In the data below, find the line containing "Detroit Red Wings"; reproduce that line and all subsequent lines exactly, and nothing else.

Dataset items:
◆ ◆ ◆ ◆ ◆ ◆ ◆

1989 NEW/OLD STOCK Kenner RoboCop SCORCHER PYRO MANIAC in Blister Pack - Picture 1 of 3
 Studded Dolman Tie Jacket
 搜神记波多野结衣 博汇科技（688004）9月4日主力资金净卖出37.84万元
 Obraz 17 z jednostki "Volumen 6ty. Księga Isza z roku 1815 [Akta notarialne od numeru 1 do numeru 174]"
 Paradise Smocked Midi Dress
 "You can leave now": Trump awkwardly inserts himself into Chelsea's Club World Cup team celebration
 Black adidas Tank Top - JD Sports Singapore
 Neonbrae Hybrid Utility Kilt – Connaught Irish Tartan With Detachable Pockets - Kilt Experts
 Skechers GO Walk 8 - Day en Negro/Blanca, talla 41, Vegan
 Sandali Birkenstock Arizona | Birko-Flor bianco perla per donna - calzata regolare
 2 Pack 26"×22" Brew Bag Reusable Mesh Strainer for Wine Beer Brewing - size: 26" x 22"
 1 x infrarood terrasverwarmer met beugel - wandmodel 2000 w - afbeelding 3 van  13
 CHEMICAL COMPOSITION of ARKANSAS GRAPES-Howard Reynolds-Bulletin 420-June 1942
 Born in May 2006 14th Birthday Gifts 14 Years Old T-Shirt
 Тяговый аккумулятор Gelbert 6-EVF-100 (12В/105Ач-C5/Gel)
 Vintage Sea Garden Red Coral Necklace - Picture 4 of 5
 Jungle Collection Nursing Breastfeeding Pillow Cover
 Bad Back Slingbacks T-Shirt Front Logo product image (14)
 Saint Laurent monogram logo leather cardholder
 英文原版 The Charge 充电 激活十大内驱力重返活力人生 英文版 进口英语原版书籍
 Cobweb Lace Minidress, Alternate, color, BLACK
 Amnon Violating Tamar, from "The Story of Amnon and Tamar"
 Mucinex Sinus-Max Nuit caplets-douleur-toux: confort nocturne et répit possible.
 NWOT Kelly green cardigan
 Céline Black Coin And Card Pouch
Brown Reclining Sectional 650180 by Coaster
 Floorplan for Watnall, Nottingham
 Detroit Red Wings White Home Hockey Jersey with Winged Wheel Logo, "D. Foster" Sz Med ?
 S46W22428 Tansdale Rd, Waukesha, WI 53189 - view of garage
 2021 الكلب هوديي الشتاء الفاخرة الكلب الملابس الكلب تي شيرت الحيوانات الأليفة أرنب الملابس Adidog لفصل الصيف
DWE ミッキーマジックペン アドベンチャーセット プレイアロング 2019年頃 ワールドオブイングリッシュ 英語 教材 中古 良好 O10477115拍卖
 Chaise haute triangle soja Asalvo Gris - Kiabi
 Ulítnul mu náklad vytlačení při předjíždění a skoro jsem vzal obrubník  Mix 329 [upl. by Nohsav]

◆ ◆ ◆ ◆ ◆ ◆ ◆

Finished task:
 Detroit Red Wings White Home Hockey Jersey with Winged Wheel Logo, "D. Foster" Sz Med ?
 S46W22428 Tansdale Rd, Waukesha, WI 53189 - view of garage
 2021 الكلب هوديي الشتاء الفاخرة الكلب الملابس الكلب تي شيرت الحيوانات الأليفة أرنب الملابس Adidog لفصل الصيف
DWE ミッキーマジックペン アドベンチャーセット プレイアロング 2019年頃 ワールドオブイングリッシュ 英語 教材 中古 良好 O10477115拍卖
 Chaise haute triangle soja Asalvo Gris - Kiabi
 Ulítnul mu náklad vytlačení při předjíždění a skoro jsem vzal obrubník  Mix 329 [upl. by Nohsav]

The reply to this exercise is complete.